2. Het rijbewijs van verzoekster verliep op 11 juli 2023. Omdat haar rijbewijs verliep na haar 75e jaar moest zij een gezondheidsverklaring indienen bij verweerder ter verkrijging van een verklaring van geschiktheid. Dat heeft verzoekster gedaan op 26 april 2023. Vervolgens heeft verweerder haar op 22 mei 2023 verwezen voor een ’75+ keuring’. Van deze keuring is door de keurend arts een rapport opgemaakt. Omdat bij die ‘75+ keuring’ is vastgesteld dat de visuswaarden van beide ogen niet voldoen aan het bepaalde in paragraaf 3.2.1 van de bijlage bij de Regeling eisen geschiktheid 2000 is verzoekster door verweerder voor een nadere keuring verwezen naar een oogarts.

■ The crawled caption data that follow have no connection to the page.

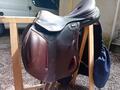 Selle prestige cross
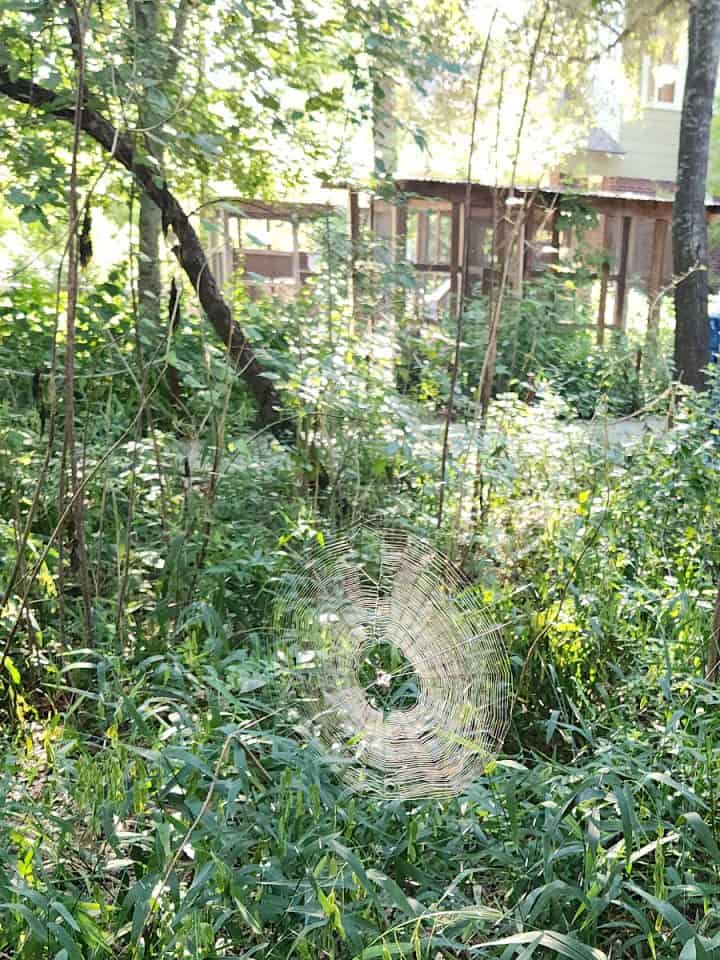 Nature Discovery Center Spider Web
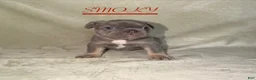French Bulldog dogs for sale: French Bulldog 2 - Ad 1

3. Op 26 juli 2023 heeft verzoekster bezwaar gemaakt tegen de beslissing tot een keuring bij een oogarts. Verweerder heeft dat bezwaar op 11 augustus 2023 niet-ontvankelijk verklaard, omdat het een voorbereidingshandeling is als bedoeld in artikel 6:3 van de Awb en een dergelijke beslissing niet vatbaar is voor bezwaar en beroep. Wel heeft verweerder verzoekster op 11 augustus 2023 de mogelijkheid geboden om gegevens van een opticien of optometrist over te leggen. Als uit die oogmeting zou blijken dat verzoekster voldoende ziet met de bril en er geen aanwijzingen zijn voor andere aandoeningen, kan de verwijzing naar een oogarts vervallen.

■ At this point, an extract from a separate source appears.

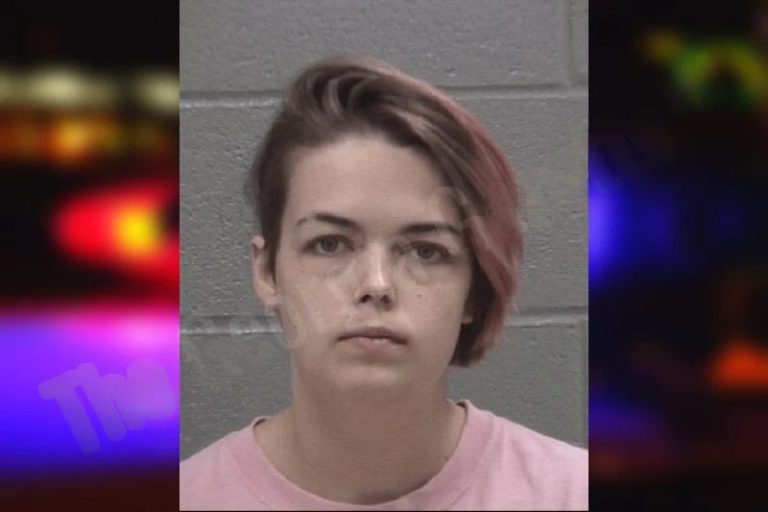 Bianca Dixon mugshot – Columbia County , Georgia Bianca Dixon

4. Verzoekster heeft bij verweerder meerdere klachten ingediend. Die klachten zijn op 3 oktober 2023 niet-ontvankelijk verklaard. Partijen hebben daarna over en weer nog nader gecorrespondeerd over de doorverwijzing.
5. Bij brief van 9 oktober 2023 deelt verweerder verzoekster mee geen besluit te kunnen nemen vanwege het ontbreken van gegevens.

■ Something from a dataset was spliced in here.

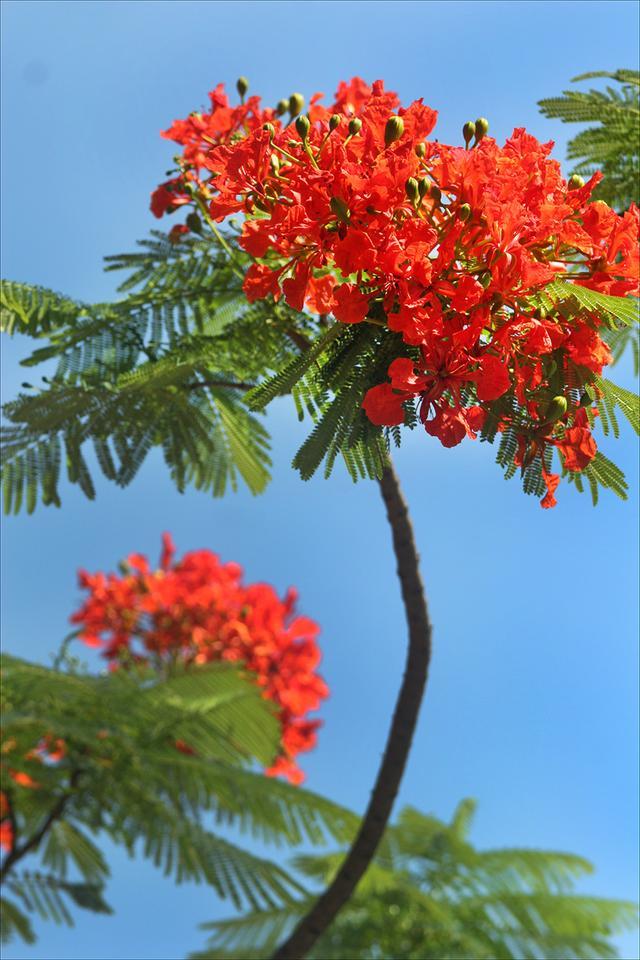 散文:美丽的凤凰花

6. Op 21 november 2023 wendt verzoekster zich tot de rechtbank. Bij haar verzoekschrift heeft zij een rapport d.d. 25 september 2023 gevoegd van een optometrist.
7. Verweerder geeft in het verweerschrift aan dat uit het door verzoekster bij haar verzoekschrift gevoegde rapport van de optometrist blijkt dat er toch sprake lijkt van andere oogaandoeningen. Daarom kan de verwijzing naar de oogarts niet komen te vervallen, zoals aangegeven in de brief van 11 augustus 2023. Verweerder geeft aan het dossier van verzoekster te hebben heropend en haar opnieuw te hebben verwezen naar een oogarts, omdat een verslag van een optometrist in dit opzicht onvoldoende is.

Wat wil verzoekster?

8. Verzoekster voelt zich niet gehoord en gezien en op basis van haar leeftijd gediscrimineerd. Zij heeft dringend haar rijbewijs nodig, onder andere voor haar werk. De verwijzing naar een oogarts is niet terecht. Bovendien klopt de lijst met oogartsen op de website van het CBR niet. Het lukte verzoekster doordoor niet een oogarts te vinden voor een keuring, wat zij ook meermalen tevergeefs aan verweerder heeft gemeld. Uiteindelijk is het haar gelukt om in Alphen aan de Rijn een optometrist te vinden die haar heeft gekeurd op 25 september 2023. Dat rapport wilde zij destijds persoonlijk afgeven bij verweerder, wat haar vervolgens werd geweigerd. Zij heeft verder op 23 februari 2024 een afspraak kunnen maken bij een oogkliniek in Haarlem. Verweerder is nalatig geweest waardoor zij zich genoodzaakt zag zich tot de rechtbank te wenden. Verweerder heeft niet (tijdig) op haar aanvraag beslist. Verzoekster wil bij wijze van voorlopige voorziening haar rijbewijs terug in afwachting van de verdere afhandeling.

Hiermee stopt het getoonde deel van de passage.